While Dalton lacks the kind of arm strength that many elite passers posses, his accuracy and quick-strike passes make him a very hard player to stop.
Accuracy was the subject of a piece done by ESPN’s Scott Kacsmar, which ranks the NFL’s 10 most accurate passers. Coming in at No. 6 was none other than Dalton.
C%+: 5.5 percent
It's a shame Dalton injured his thumb against Pittsburgh in Week 14, because the Bengals were competing for a No. 1 seed and Dalton was having by far his best season yet, finishing second in passing DVOA (31.7 percent). Dalton's C%+ was always positive in 2012-14, but he more than doubled his typical season last year at 5.5 percent. His average pass also traveled a career-high 9.0 yards. Dalton still has the tendency to make his receivers catch a high pass, but last year should be viewed as a big step forward.
Kacsmar’s accuracy formula is part of Football Outsiders’ DVOA system. His passing plus-minus estimates how many passes a quarterback completed compared to what an average quarterback would have completed, given the location of those passes.
That’s why Dalton at +5.5 percent is much better than such a small number indicates. Most quarterbacks in Dalton’s shoes last year would have completed around 60-percent of their passes, whereas Dalton completed 66.1 percent.

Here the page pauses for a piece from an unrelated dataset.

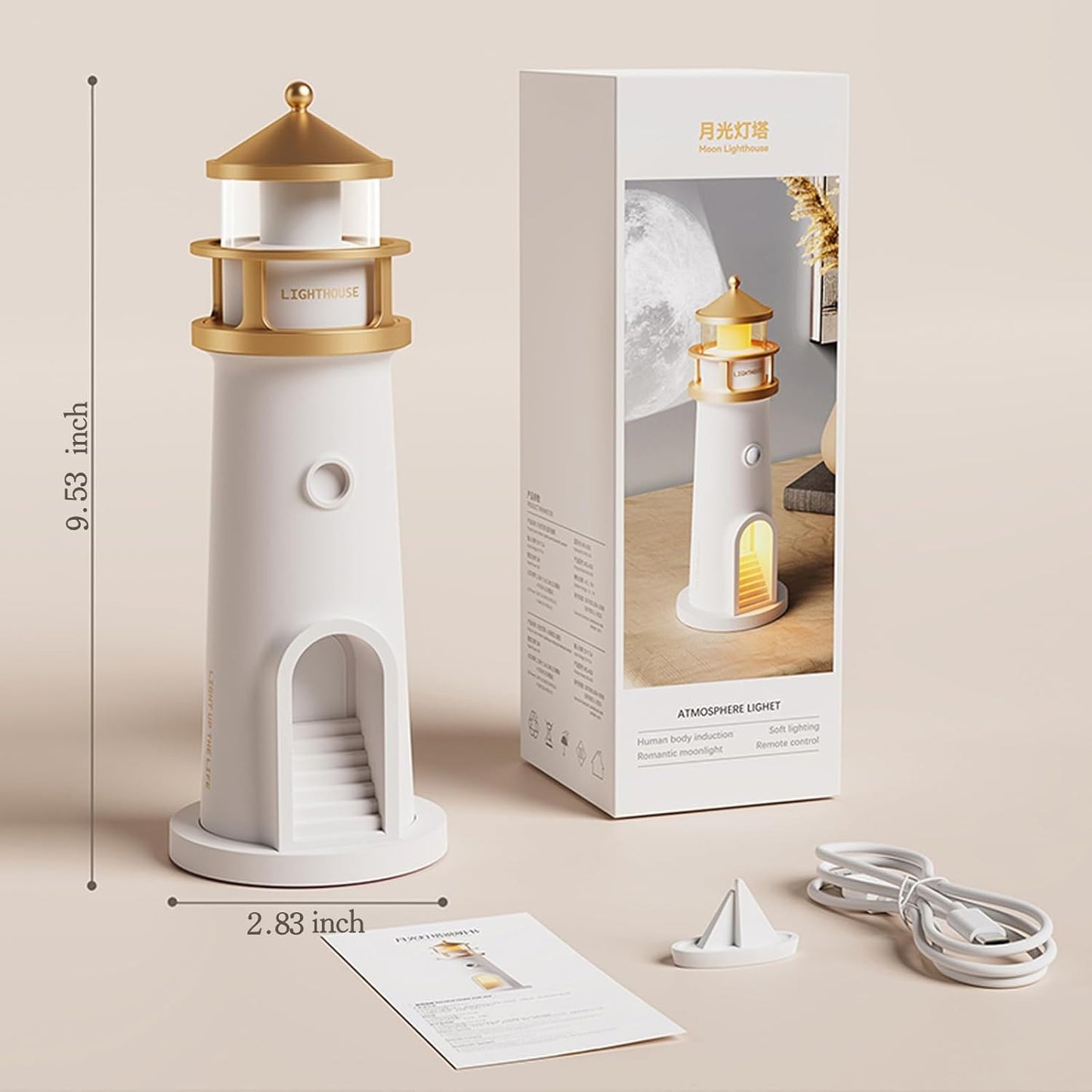 Faro Proyector Lunar - Linda lámpara de faro con proyección de luna y luces con sensor de movimiento + Envió Gratis + Pago Contra entrega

And while that margin may not be enough to be considered elite, it sure was the difference between the Bengals being 10-2 and possibly as low as 8-6. That 5.5 percent is the difference in about 20 passes over Dalton’s 386 passing attempts from last year.
Considering one pass made the difference in four games Dalton played in (at Steelers, at Ravens, vs Seahawks, vs Chargers), that small margin of improvement was critical in those close wins last season.
A game of inches as they say.
Despite not playing in the final month of the 2015 season, Dalton still threw for 25 touchdowns and 3,250 yards vs just seven interceptions, good for a career-high 106.3 passer rating. He also rushed for three scores and helped lead the Bengals to a 10-2 start, atop the AFC standings before going down with a thumb injury.
Dalton set career highs in QB Rating (106.3), yards per attempt (8.42), completion percent (66.1%), and a TD to INT ratio of 3.57:1, more than twice his previous best (1.69:1 in 2012). He had the NFL's eighth-best completion percentage, second-best yards-per-attempt average, second-highest passer rating and fifth-best QBR.
Even though a thumb injury would end his season in Week 14, Dalton still ended 2015 with more respect and national praise than he’s received in his career. That’s continued into the offseason and continues as we approach the 2016 regular season.